The Bats went into the game knowing it was now or never and the first quarter reflected the desperation and intense effort that they knew they would have to put in. It wasn’t always pretty to watch, but it was effective, as the Bats threw their bodies into every contest and refused to allow the Eagles any easy possessions.
Numerous packs developed around the ball with UTS players at the bottom of every one, determined not to give the ball away. Only four goals were scored in the quarter, and with the Bats scoring three of them, they led by 13 points at quarter time.
The Eagles had been under physical pressure in the first term, but made some efforts towards breaking the shackles in the second quarter. It wasn’t easy for the Eagles however, against a very determined UTS side.
During the second term there were occasions when the Eagles were able to turn on some of their best footy, but this game was going to be a hard grind. The Eagles won the quarter after kicking four goals to three, but the Bats still had the overall advantage as they returned to the rooms at half time with a nine point lead.

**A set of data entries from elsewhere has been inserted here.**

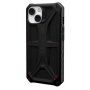UAG Monarch extra odolný kryt pro iPhone 14 Plus - černý kevlar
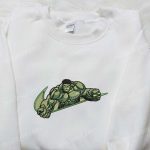 Swoosh x Hulk Movie Embroidered Sweatshirt – Nike Inspired Shirt Perfect Birthday Gift Idea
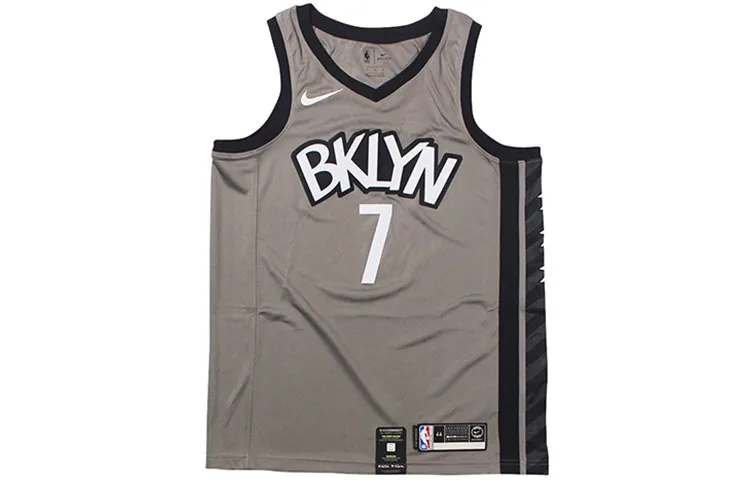 Nike Basketball Jersey Men's Gray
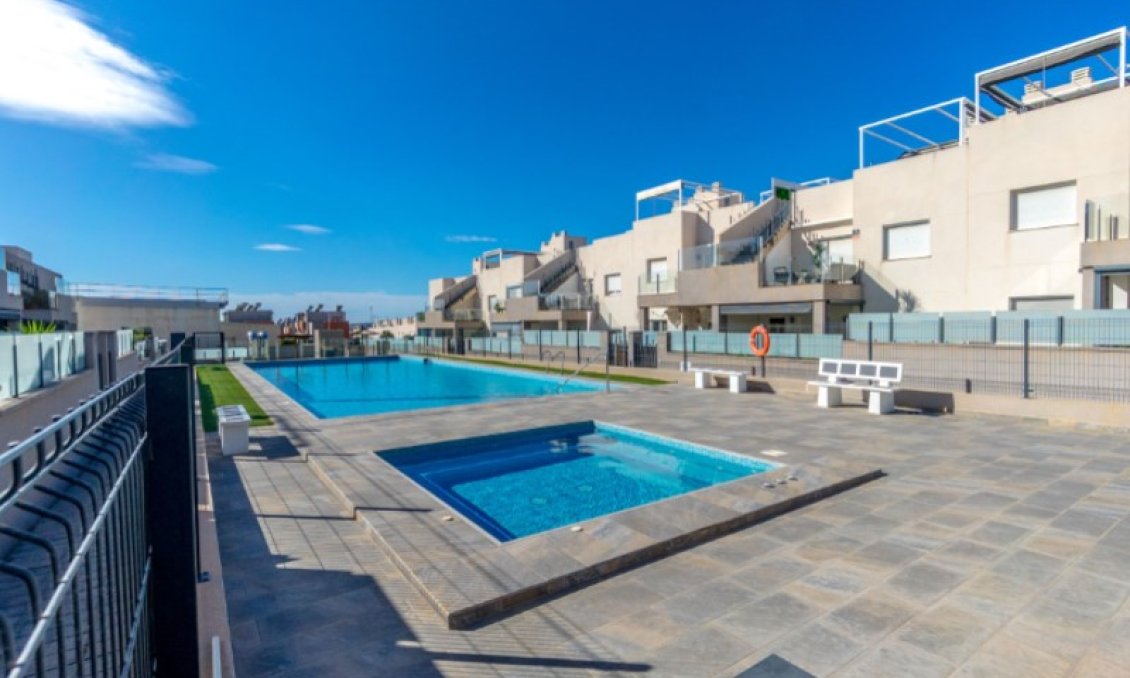 Revente - Appartement -
Torrevieja - Costa Blanca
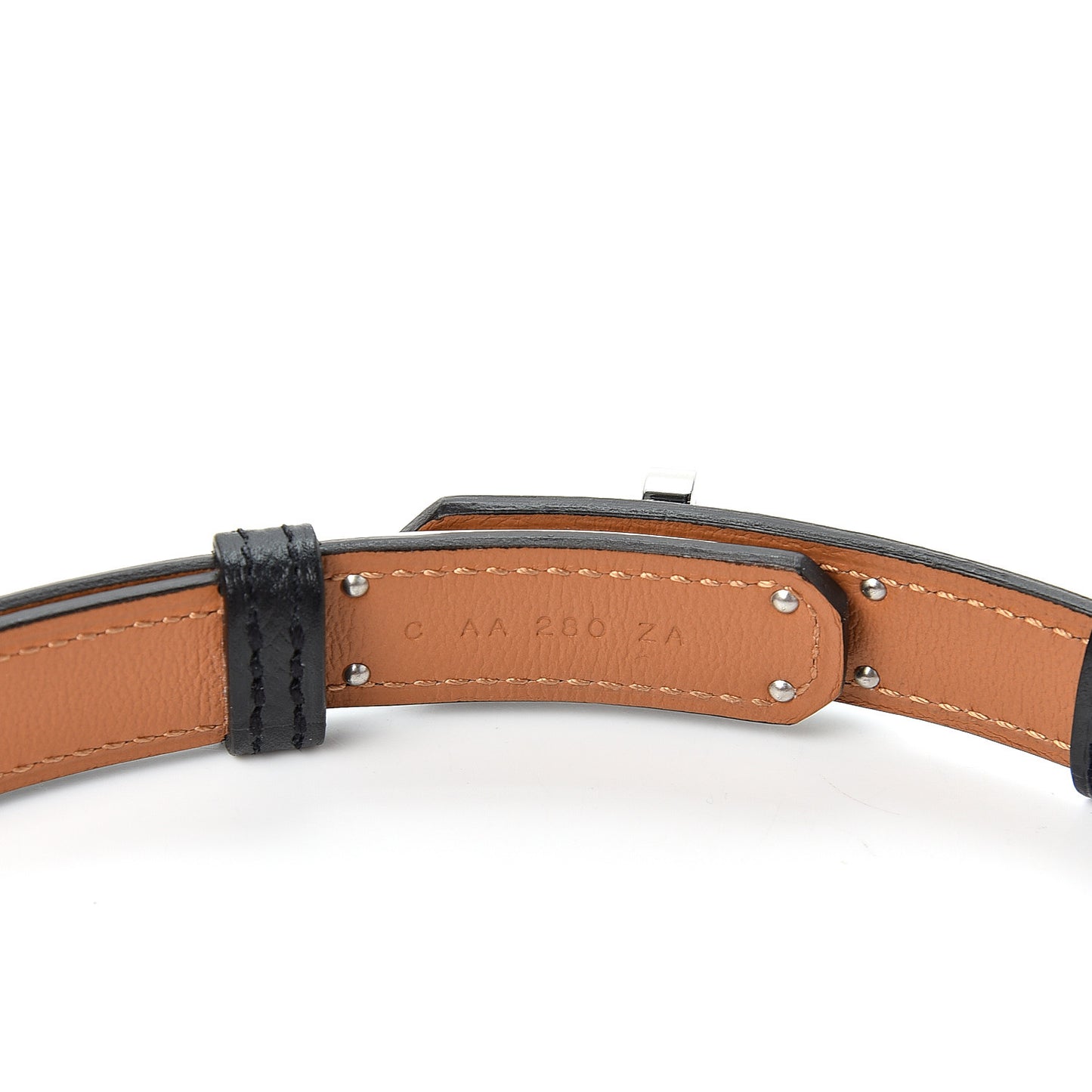 Epsom Kelly Belt Black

It had been a good first half for the Bats, but there was more to be done in the premiership quarter if they were to snap the losing streak. In the third quarter, they got it done. It was a more open quarter of footy than what had been displayed in the first-half. The Bats rose to the occasion and came up with the answers to the challenges the Eagles threw their way. The scoreboard reflected their efforts, as the Bats scored four goals to two for the quarter, building up to a 20-point lead at the last change.
Hopes were rising in the UTS camp, but the Eagles weren’t done yet. A run of goals in the last quarter for the Eagles meant there was again little separating the two sides. Twice the Bats managed to find the big sticks, giving them a much-needed buffer. The Eagles kept coming, and their fifth goal for the quarter saw the margin back to within a kick, but the Bats hung on for dear life until the final siren sounded. Just three points was the margin, but that was enough. The Bats were back on the winning list.
Louis O’Keefe kicked four goals in a best-on-ground performance, while Sam Netherole and William Thompson also featured prominently for the Bats. The Bats are still two games plus percentage behind the Eagles, and it will take something special for them to make the finals from here, but it is not impossible.
Aaron Drinkwater, Stuart Turner and Derrick Visser were best for the Eagles. This was one that got away for the Eagles, and not even their last quarter heroics were enough to salvage it. A win would have opened up a big gap between fifth and sixth, and virtually sealed the top five. But it wasn’t to be and the Eagles still have some work to do to ensure their place in this year’s finals.
UTS BATS – 3.6 6.11 10.12 12.15 (87)
EAST COAST EAGLES – 1.5 5.8 7.10 12.12 (84)
GOALS: UTS – L. O’Keefe (4); S. Jansen (2); B. Browne J. Caica W. Thompson P. Brennan E. Thwaites B. Hunt (1). East Coast – M. Weekes (3); D. Visser (2); D. Costello M. Eastman B. Stewart Z. Johns A. Drinkwater D. Spiteri (1)
BEST: UTS – L. O’Keefe, S. Nethersole, W. Thompson, H. Callahan, D. Crouch, J. Macklin. East Coast – A. Drinkwater, S. Turner, D. Visser, B. Bourke, Z. Johns, D. Spiteri
North Shore Bombers vs. Manly-Warringah Wolves
Meanwhile at Blacktown No. 2, the North Shore Bombers took on the Manly Warringah Wolves. The Bombers went into the game placed much higher on the ladder, but the Wolves have been something of a bogey side for North Shore. Manly went into the game having only dropped their colours once to the Bombers since their promotion to Premier Division, including an easy win when the two sides played at Weldon Oval a few weeks ago.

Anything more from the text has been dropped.